Helen Rappaport has a gift for capturing a snapshot of royal history and using it as a lens for understanding the larger political and social conditions of the period. In her previous book, The Last Days of the Romanovs: Tragedy at Ekaterinburgthe final two weeks before the murder of the last Russian Imperial family shed light on the collapse of Nicholas II’s rule and the factions within the Bolshevik regime. In A Magnificent Obsession: Victoria, Albert, and the Death That Changed the British Monarchy, Prince Albert’s illness, death, funeral and memorials frames the prince’s political role, nineteenth century medical practices and Queen Victoria’s impact on British mourning culture.
While previous authors have focused on the impact of Prince Albert’s death on Queen Victoria, Rappaport’s work encompasses all social estates in Great Britain and the worldwide British Empire, demonstrating that mourning for Prince Albert was an event that created common ground amongst the Queen’s subjects. In this analysis, she draws on her extensive knowledge of nineteenth century history, demonstrated in her previous work, No Place for Ladies: The Untold Story of Women in the Crimean War. Rappaport discusses the reactions of Queen Victoria’s most famous contemporaries. There is Lord Palmerston’s fear that Albert’s death would destabilize Victoria and by extension the constitutional monarchy, Charles Dickens’s disappointment at having to cancel a lucrative lecture tour as the nation went into mourning, and Abraham Lincoln’s heartfelt condolences that stood out within the enormous number of sympathetic letters received by the widowed Queen.
The effect of Prince Albert’s death on ordinary Britons was no less profound. Long periods of court mourning, which Rappaport observes long predated the death of the Prince Consort, changed the nature of British funerals, social events and fashion. With cotton shortages created by the American Civil War, wearing wool crepe or bombazine dyed black out of respect Prince Albert was a practical choice as well as a fashionable one. As the Queen’s mourning was lengthy, long periods of seclusion and mourning attire were adopted by any widow who could afford the time and wardrobe to commemorate her own late husband in the same manner.
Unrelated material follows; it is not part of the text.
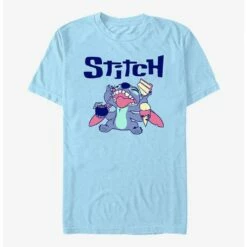 Best reviews of ✨ Dsny Lilo Stch Stitch Eat T-Shirt 🛒
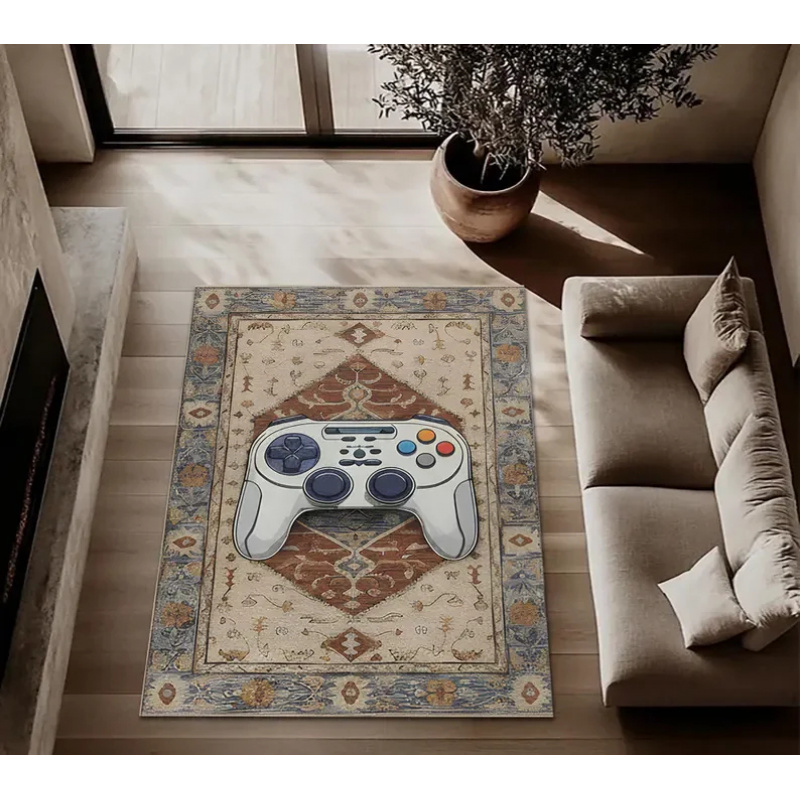 VIKAMA Retro Gamer Rug Arcade  - Retro Gaming Rug recensione e prezzo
Rappaport also provides a well written and sensitive portrait of Victoria’s and Albert’s marriage and the impact of her intense mourning on her children and court. Like Matthew Denison in The Last Princess: The Devoted Life of Queen Victoria’s Youngest Daughter, she is deeply critical of Victoria’s decision to keep her young children in an atmosphere of sadness and seclusion in the years following their father’s death. At the same time, she notes that Victoria had been raised to be dependant on others and a long period of mourning allowed her to avoid the terrifying prospect of exercising sovereignty alone. Rappaport also questions the one hundred and fifty year old diagnosis of typhoid fever as the cause of Albert’s death, revealing years of ill health before his final illness in 1861.
A Magnificent Obsession: Victoria, Albert, and the Death That Changed the British Monarchyis a well written, insightful account of an important period in nineteenth century British history. Readers interested in the personal history of Queen Victoria’s family will gain a new perspective on the monarch as a wife, mother and widow while those looking for a snapshot of Victorian culture will be fascinated by the details of how an entire nation and empire mourned alongside the Queen.